La capacità di Samsung di guidare l’innovazione, la crescita e lo sviluppo sociale nel nostro Paese è stata al centro dell’evento di celebrazione dei 25 anni della società in Italia, che si è tenuto al Samsung District. Un’occasione per raccontare la storia e le prossime sfide dell’azienda e per presentare una ricerca dell’Università Bocconi, che stima l’impatto socio-economico di Samsung in Italia. Ma anche un momento importante per riunire i principali stakeholder. Dal 1991, anno del suo ingresso in Italia, Samsung ha avuto un ruolo sempre più rilevante sul territorio nazionale, e si è impegnata a sostenere l’innovazione offrendo agli italiani le migliori tecnologie per far vivere appieno le proprie passioni, per facilitare la loro professione e per migliorare la qualità della loro vita. Parte integrante della missione del Gruppo, sotto la guida di Carlo Barlocco, presidente di Samsung Electronics Italia, è stata quella di portate i benefici del digitale al più ampio pubblico possibile e in tutti i principali ambiti socio-economici, quali istruzione, lavoro, business, economia, arte, servizi pubblici, attraverso progetti innovativi orientati soprattutto a sviluppare fin nei più giovani le competenze digitali necessarie a sfruttare al massimo le potenzialità delle nuove tecnologie.

L’Italia è un mercato strategico per la società, tra i primi paesi in Europa per performance e, al contempo, Samsung rappresenta un’opportunità per il Paese. Come evidenziato dalla ricerca condotta dall’Università Bocconi, infatti, in riferimento al sistema economico italiano, e considerando le risorse complessive distribuite allo Stato, alle famiglie e alle imprese, Samsung ha generato in Italia un valore pari a 1.328 milioni di Euro nel solo 2015, che corrisponde allo 0,08% del PIL italiano. Un impatto che nel tempo ha mostrato una crescita tendenziale, tanto che negli ultimi dieci anni è raddoppiato. Se si considera invece il fatturato della società nel Paese, Samsung si colloca al 52° posto tra tutte le società italiane, generando un valore che equivale allo 0,2% del PIL italiano. Dati che confermano l’importanza di Samsung e il ruolo strategico dell’innovazione per sostenere il rilancio economico del Paese e per assicurare un futuro migliore per tutti. Sull’importanza dell’apertura al digitale e sulla sua capacità di abilitare l’evoluzione del Paese e la crescita, sono intervenuti rappresentanti istituzionali e personalità rilevanti in settori strategici nel nostro Paese, dando vita ad un dibattito dove, se da una parte è stato evidenziato il ritardo dell’Italia rispetto alle economie europee più avanzate in relazione agli investimenti in tecnologia, dall’altra sono anche state messe in luce le peculiarità e le potenzialità del Paese.

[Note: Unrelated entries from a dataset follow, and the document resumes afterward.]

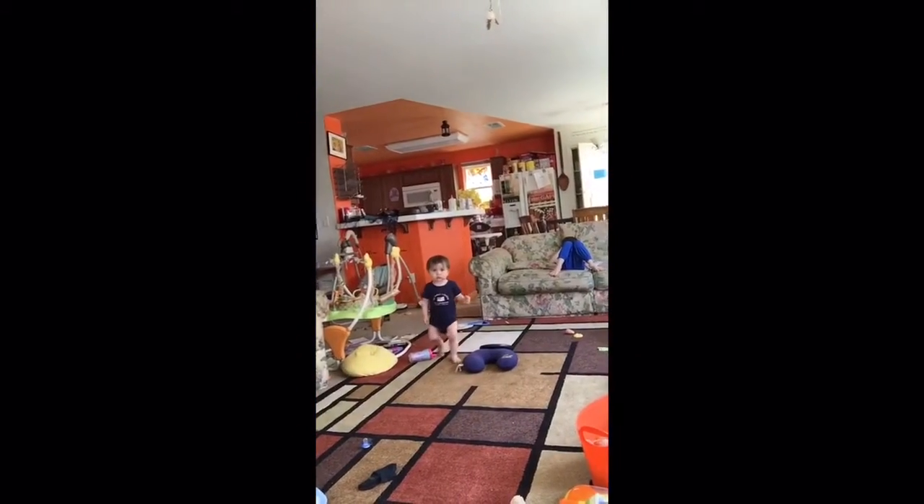Hi lovelies, it's Jen here. 1, 2, 3, 4, 5, and Diego, and Brayton, and Alton, and Aurora's in the playroom right now.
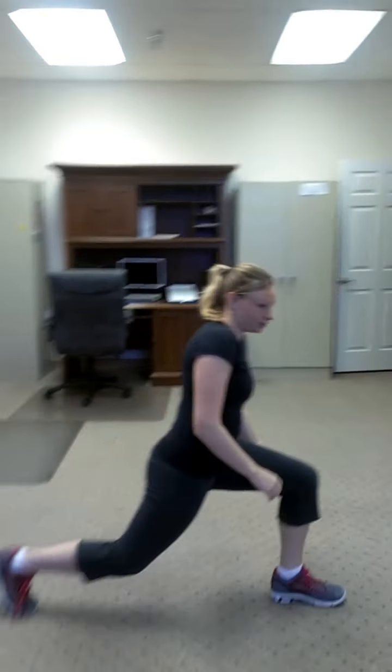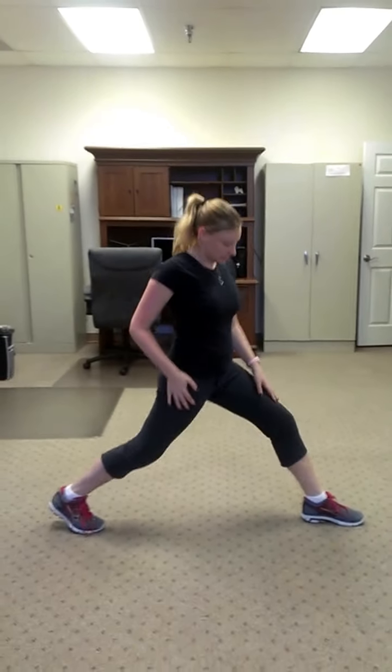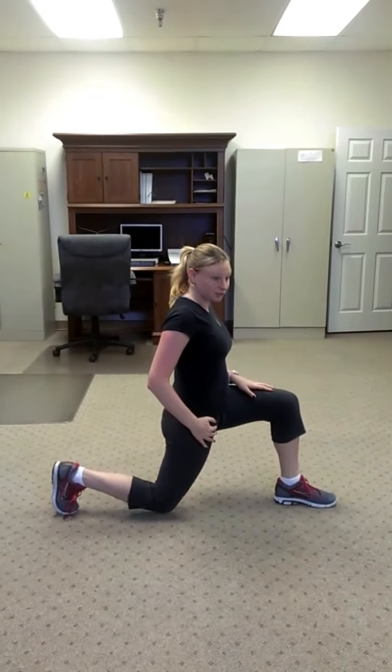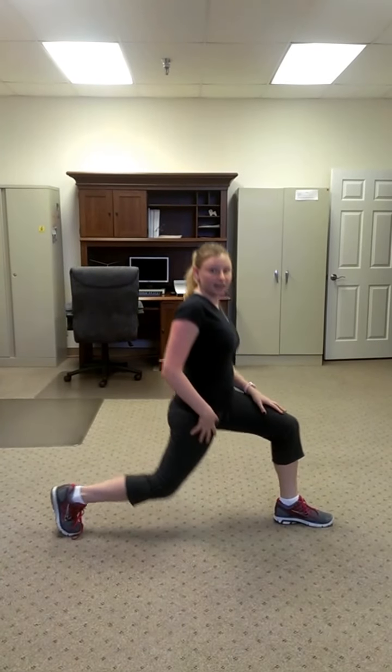This is how lunges are done incorrectly — you see that I'm not using my glute at all; it's just kind of here for the ride. The point of the lunge is to drop your leg down. Going down is what is important, not forward. So when I go down and my knee hits the ground, I feel it in my quad and I feel it in my hamstrings.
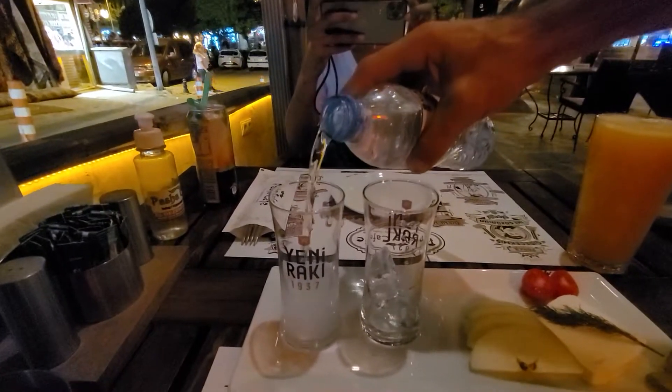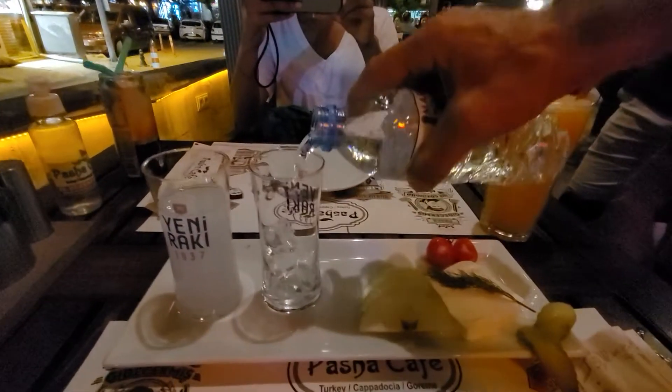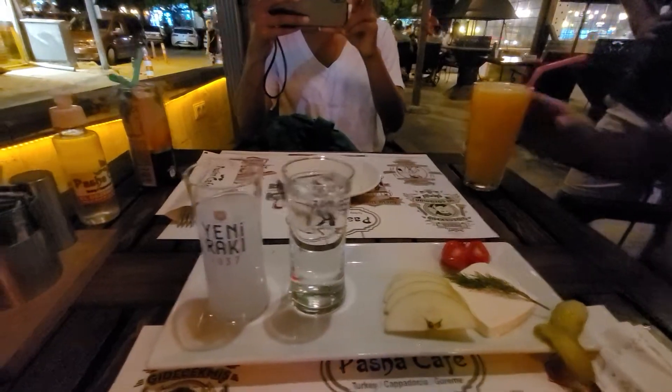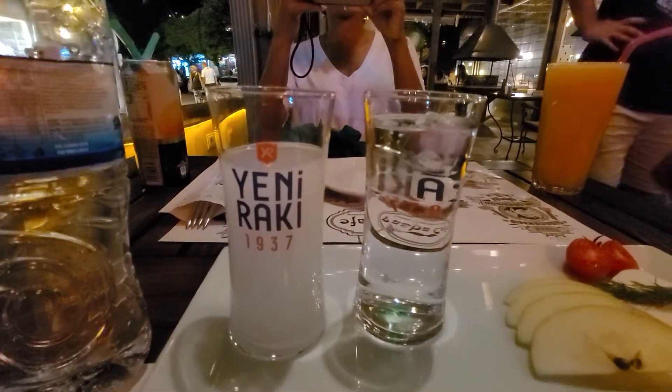Okay, so you take the water, put the water in. This is what it looks like. It's called Rocky.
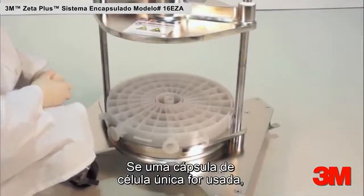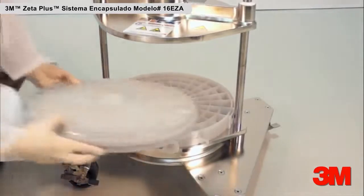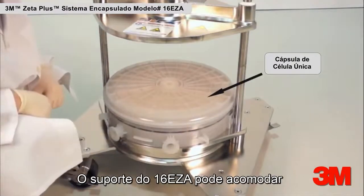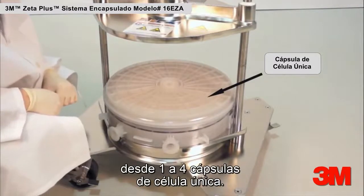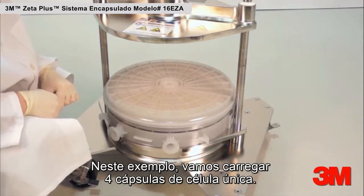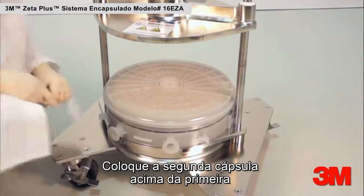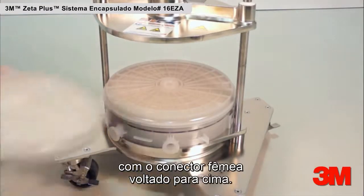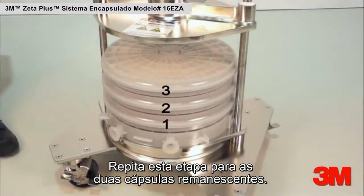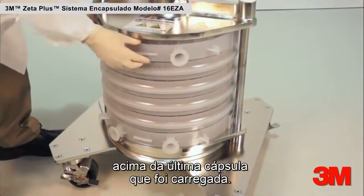If a single-cell capsule is used, place one single-cell capsule on top of the bottom manifold with the female connector facing upward. The 16 EZA holder can accommodate from one to four single-cell capsules. In this example, we will load four single-cell capsules. Place the second capsule on top of the first capsule with the female connector facing up. Repeat this step for the remaining two single-cell capsules. Place the top manifold on top of the last capsule that is loaded.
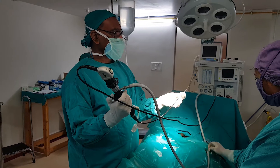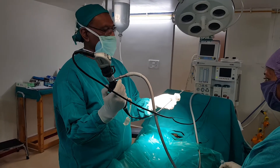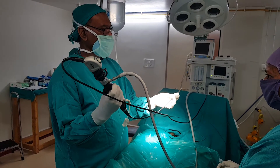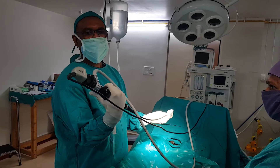Flexible cystoscope. The advantage is that the tip is flexible — you can move it up and down. When you want to turn it, you can turn the whole scope to the 3 o'clock or 9 o'clock position.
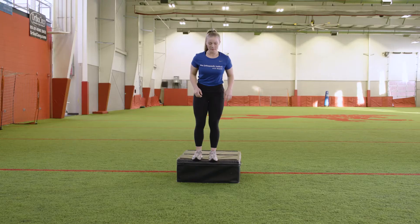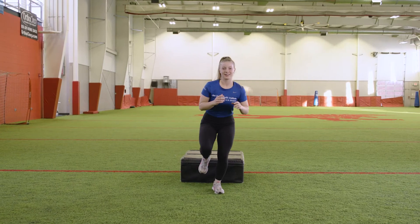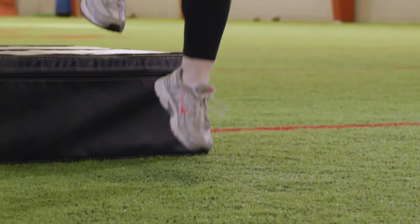Land softly with the landing leg in a slightly bent position. Immediately jump vertically from the landing leg and finish by landing on the same leg.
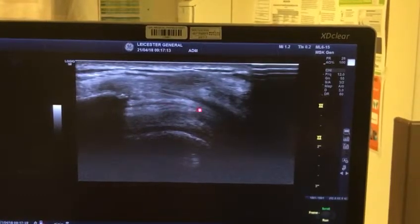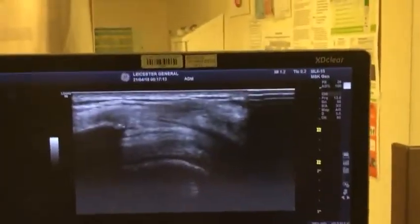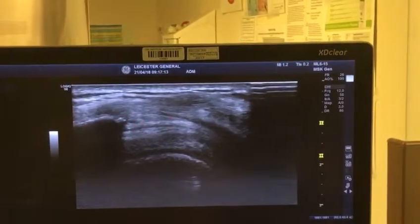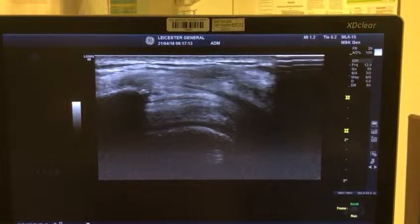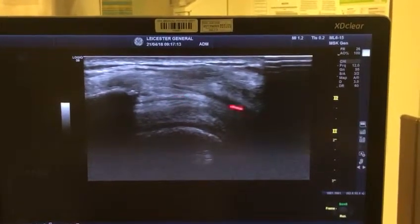The sliver of fluid you see on top is basically the bursa with the peribursal fat, and that whole muscle is deltoid. So that's why it's called subacromial — underneath the acromion — and subdeltoid — underneath the deltoid muscle. The correct anatomical term is subacromial subdeltoid bursa.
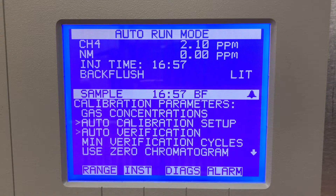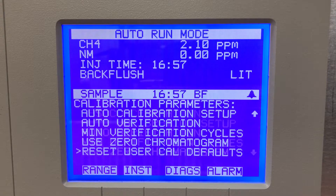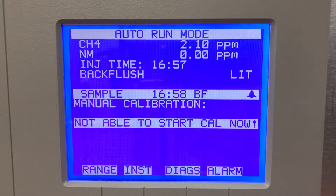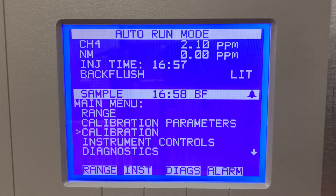There's auto calibration setup, auto verification, minimum verification, use zero command, and reset user cal defaults. This is the calibration menu — it won't let me go in here right now because I've got it sampling, so it's not able to start cal now. But if I wasn't sampling, it would let me go in and do the calibration adjust.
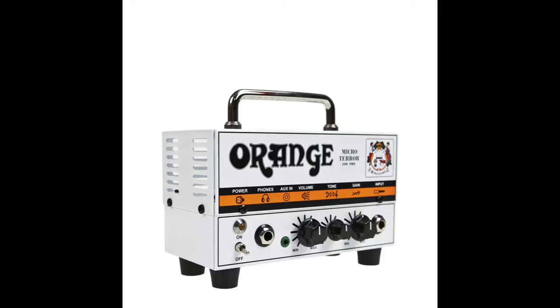This head, without pedals or a booster, will not give you metal tones, but it is a good starting platform regardless.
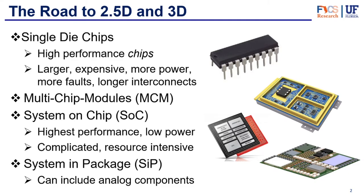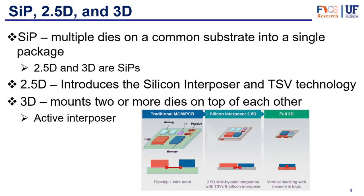So then, how does this all fit with 2.5D and 3D — how do these terms relate? It can be a little bit confusing, but SiP is just anything that's multiple dies on a common substrate in a single package. Therefore, 2.5D and 3D are both subcategories of SiPs. The trick is that 2.5D and 3D use the silicon interposer we talked about in the previous video. The 2.5D introduces the silicon interposer with through-silicon vias technology, and the 3D mounts two or more dies on top of each other with an active interposer or active layers with through-silicon vias.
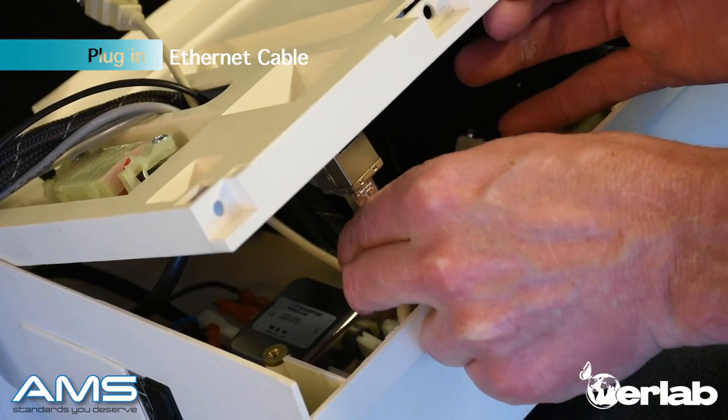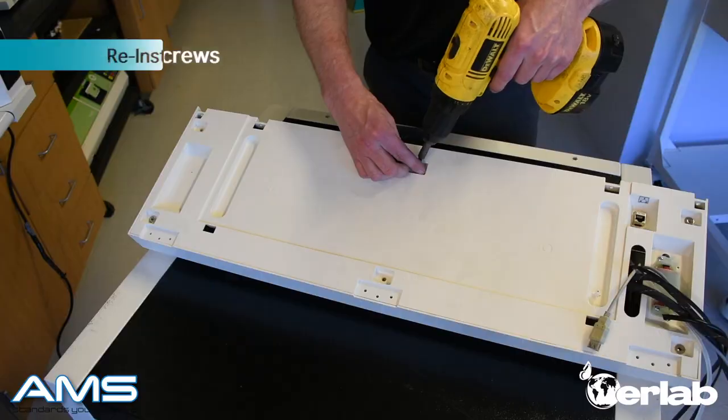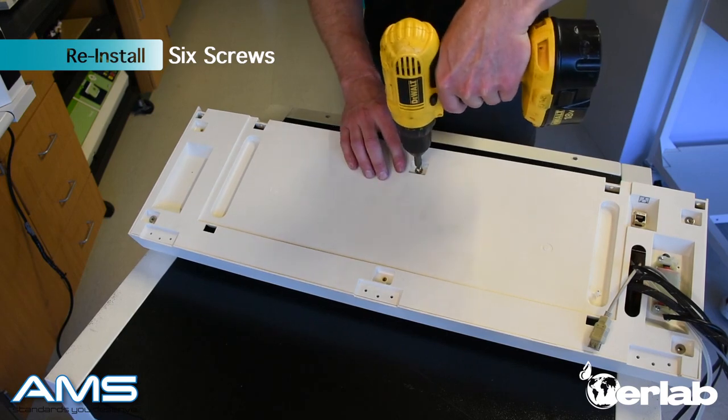Slide the panel up and make sure to connect the ethernet cable. Close the cover tightly again and now replace all six screws that you took out of the module.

Gli Italiani sono infatti pionieri nell’adozione dell’innovazione, rapidi nella sostituzione di una tecnologia obsoleta con una più evoluta, e l’Italia mostra il più alto tasso di penetrazione degli smartphone tra i Paesi europei, primato a cui Samsung è fiera di aver contribuito, tanto che oggi 1 smartphone su 2 in Italia è venduto dal Gruppo. Così come vantiamo eccellenze nell’innovazione, che vanno da distretti tecnologici evoluti a migliaia di start up lanciate da giovani talenti in tutta Italia. Riflessioni che il presidente di Confindustria Digitale Elio Catania ha messo in luce nel corso della giornata.Samsung Electronics, grazie a una forte presenza locale, consolidata con l’inaugurazione del Samsung District lo scorso anno e ad eccellenze locali quali un dipartimento di Product & Solution e un Design Center basati a Milano, ha le capacità di comprendere e anticipare le esigenze di aziende e consumatori e di soddisfarle attraverso soluzioni centrate sui loro bisogni. Con un fatturato di circa 3 miliardi di euro nel 2015 e una crescita media annua tra il 1992-2015 del 30%, consolidati grazie alla leadership raggiunta nei mercati storici in cui opera – smartphone, Tv ed elettrodomestici – e alla crescita in nuovi segmenti quali il B2B e il medicale, Samsung rappresenta oggi un brand di successo e una realtà strategica per l’economia italiana, generando il 25% del valore del settore dell’elettronica di consumo.